• Your goal: Would you retype exactly the lines below, starting with the one that has "a tree lined" and going on through the one that has "David' rose photo", with no pictures and nothing else?

• Recorded information:
-------

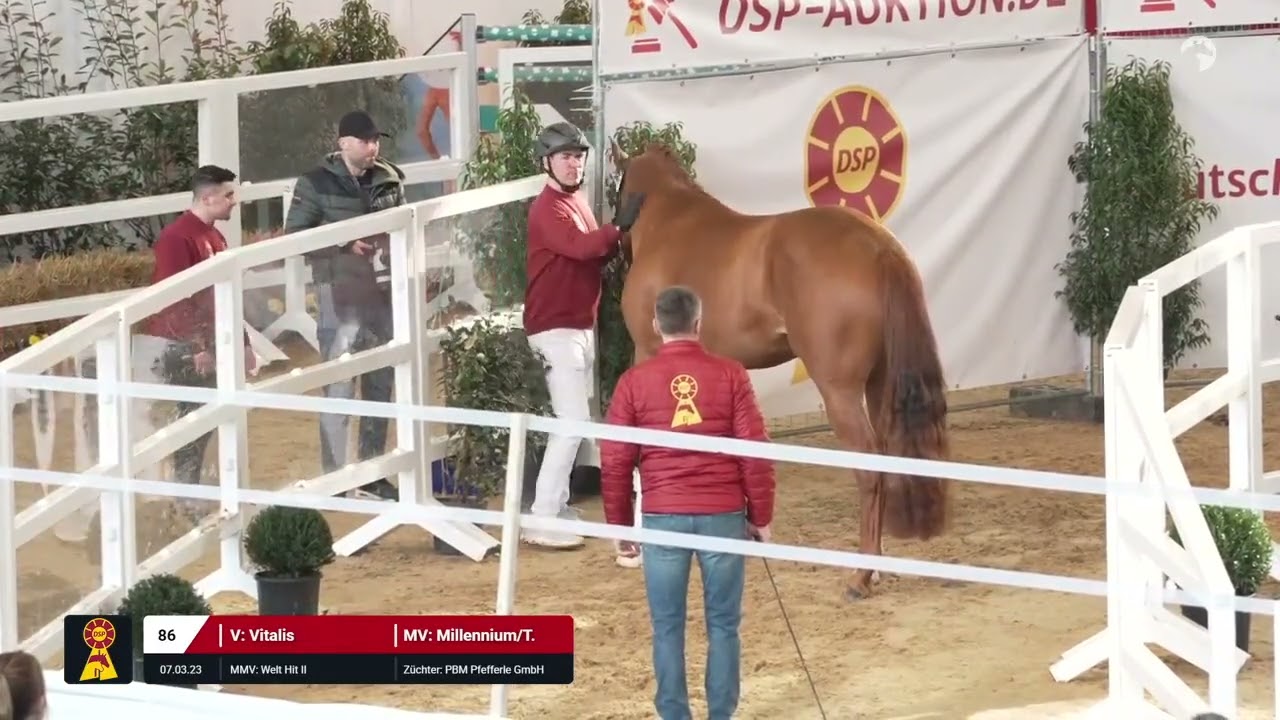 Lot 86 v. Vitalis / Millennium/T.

-------

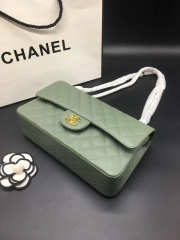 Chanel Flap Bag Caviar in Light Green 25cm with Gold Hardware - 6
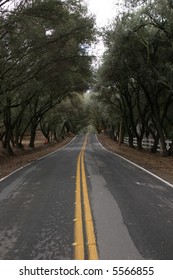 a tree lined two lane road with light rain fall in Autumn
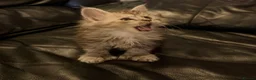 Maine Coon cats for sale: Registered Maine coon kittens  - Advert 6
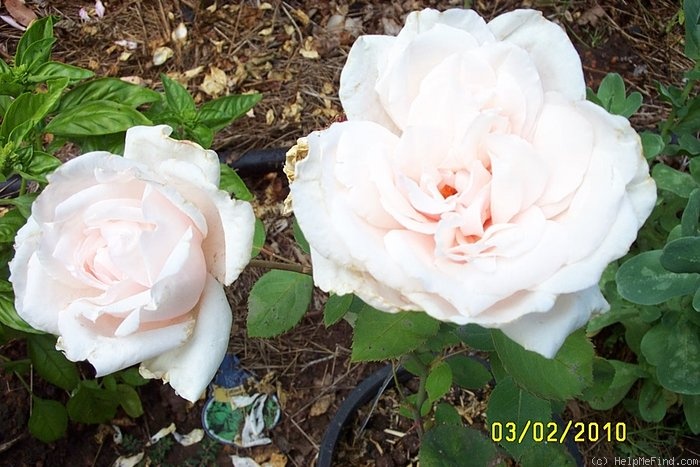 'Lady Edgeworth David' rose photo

-------

• Completed exercise:
 a tree lined two lane road with light rain fall in Autumn
 Maine Coon cats for sale: Registered Maine coon kittens  - Advert 6
 'Lady Edgeworth David' rose photo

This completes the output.